Word Counts & Estimates Explained

This article outlines the meaning and use case of the following concepts:

Word Counts

Word counts represent the sum of words in source strings, excluding tags and placeholders. They represent the quantity of work done by translators, editors and reviewers in a Smartling account over a particular time period. Word count reports are intended for tracking and invoicing of work completed. The counts reflect the number of source words and weighted words handled by each user and are broken out by language, workflow step type, and fuzzy tier. SmartMatch information does not appear on word count reports, since it does not constitute work done by users.

Sample Word Count Report












Mobile App
Release X

John X

Agency XYZ

French (France)


Agency XYZ


95 - 99.9%




Mobile App
Release X

Mary Y


French (France)






This report is available in the Smartling dashboard, where it can also be downloaded in CSV format. Agencies can download reports for anything their team worked on, and individual translators, editors, and reviewers can download word count reports on their own work.

Character Counts

Like word counts, character counts represent the sum of characters in source strings, excluding tags and placeholders. Character counts are particularly useful to represent the quantity of work done by translators, editors and reviewers translating into Chinese and Japanese, as these languages do not use spaces to separate words.
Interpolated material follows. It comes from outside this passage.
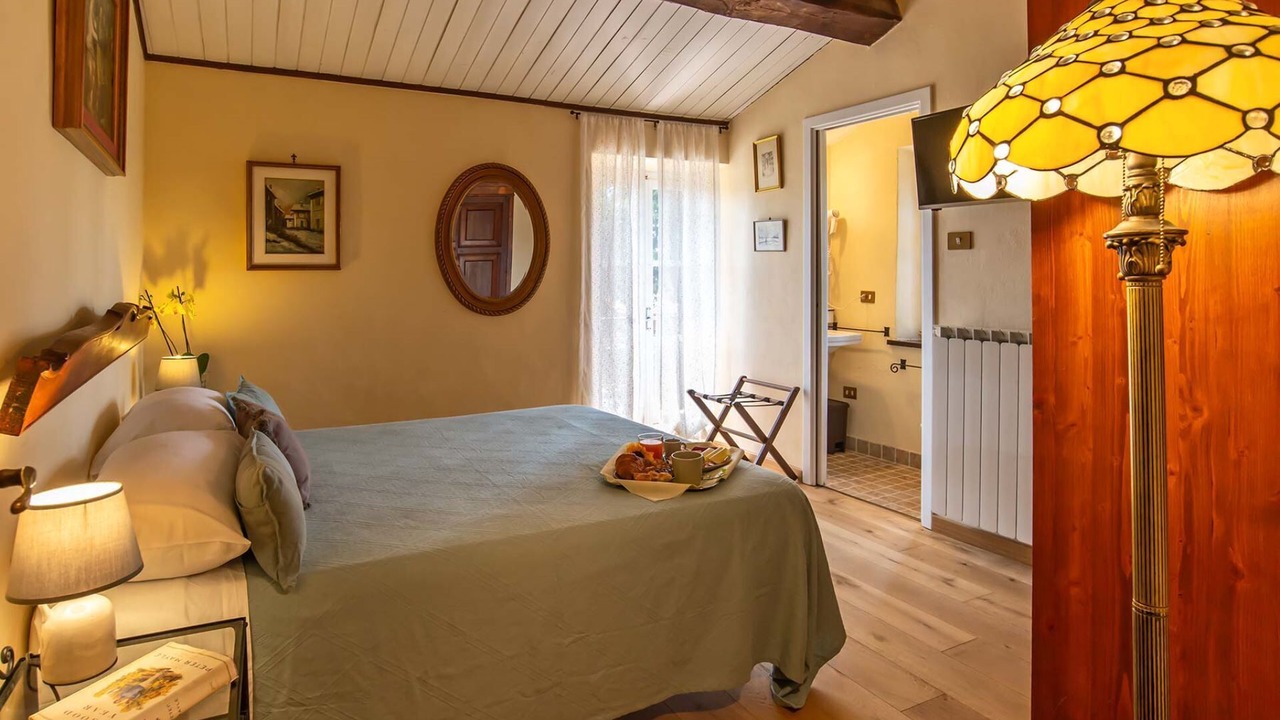 Photo of Bedroom in Po' Bandino
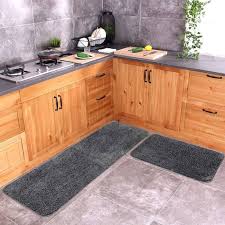 Havsen apron front sink is a beautiful detail in your traditional kitchen, and it also fits in a kitchen water often spills onto the counter and floor. Kitchen Mats Buy Kitchen Mats Online At Best Prices In India Flipkart Com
The method in which your files are ingested into Smartling, via file upload with directives or API, could affect how characters are count. For example, if entities in the file are captured as an entity or as a character. The following table should help clarify some of these rules:

Code Point Rule Description
Simple Whitespace
  • Sequential base whitespace characters
    [ \t\n\x0B\f\r] will be collapsed to one character
  • All other raw Unicode whitespace characters are not collapsed, such as NBSP
  • All valid XML tags are not counted as characters
  • All invalid XML tags are counted as characters
  • All valid placeholders are not counted as characters
  • Any other type of invalid, unprocessed code or placeholder are counted as characters
  • A specific set of entities are not counted as characters



  • Other entities are counted as characters
All other code points All other code points are counted as characters

Fuzzy Matches

When assessing the size of a piece of translation work, it’s customary in the industry to consider previous translations that were available to the translator at the time they did the work. For example, translating the string “Once upon a time” when a previous translation was available for the string “Once upon a time,” (with a comma) would be considered less work for the translator than if it had to be translated from scratch. A pre-existing entry in the translation memory similar to the string being translated is called a ‘fuzzy match’.

Fuzzy Scores

The measure of similarity between one string and another is known as the ‘edit distance’ and is calculated using an industry-standard method called Levenshtein. Edit distances for fuzzy matches are surfaced in Smartling as percentages called ‘fuzzy scores’, with higher percentages signifying greater similarity. In the example above, the fuzzy score for the string being translated is above 90%. A high fuzzy score means that the translation memory already contains a translation for a string very similar to the one being translated, and usually results in reduced translation costs.

Fuzzy Profiles

Pricing for translation work is typically based on the number of source words translated along with the fuzzy scores of the strings when translated. Fuzzy score ranges are organized into pricing bands or ‘tiers’, with higher-score tiers receiving progressively greater discounts. This is illustrated below.

Fuzzy Tier (fuzzy score range)

Fuzzy discount example

0% - 84.9% 

Full per-word translation rate (no discount)

85% - 94.9%

60% of full per-word translation rate

95% - 99.9%

30% of full per-word translation rate

100% - 100%

10% of full per-word translation rate

Sample Fuzzy Pricing Tiers

The definition of a set of fuzzy pricing tiers like the above is known in Smartling as a ‘fuzzy profile’. Multiple fuzzy profiles can be defined for an account, but currently a single profile must be chosen for each language in a given project. This may change in the future to allow fuzzy profiles to be associated with agencies instead of languages in a project.

Your Smartling Customer Success Manager can assist with configuring new fuzzy profiles for your projects if required.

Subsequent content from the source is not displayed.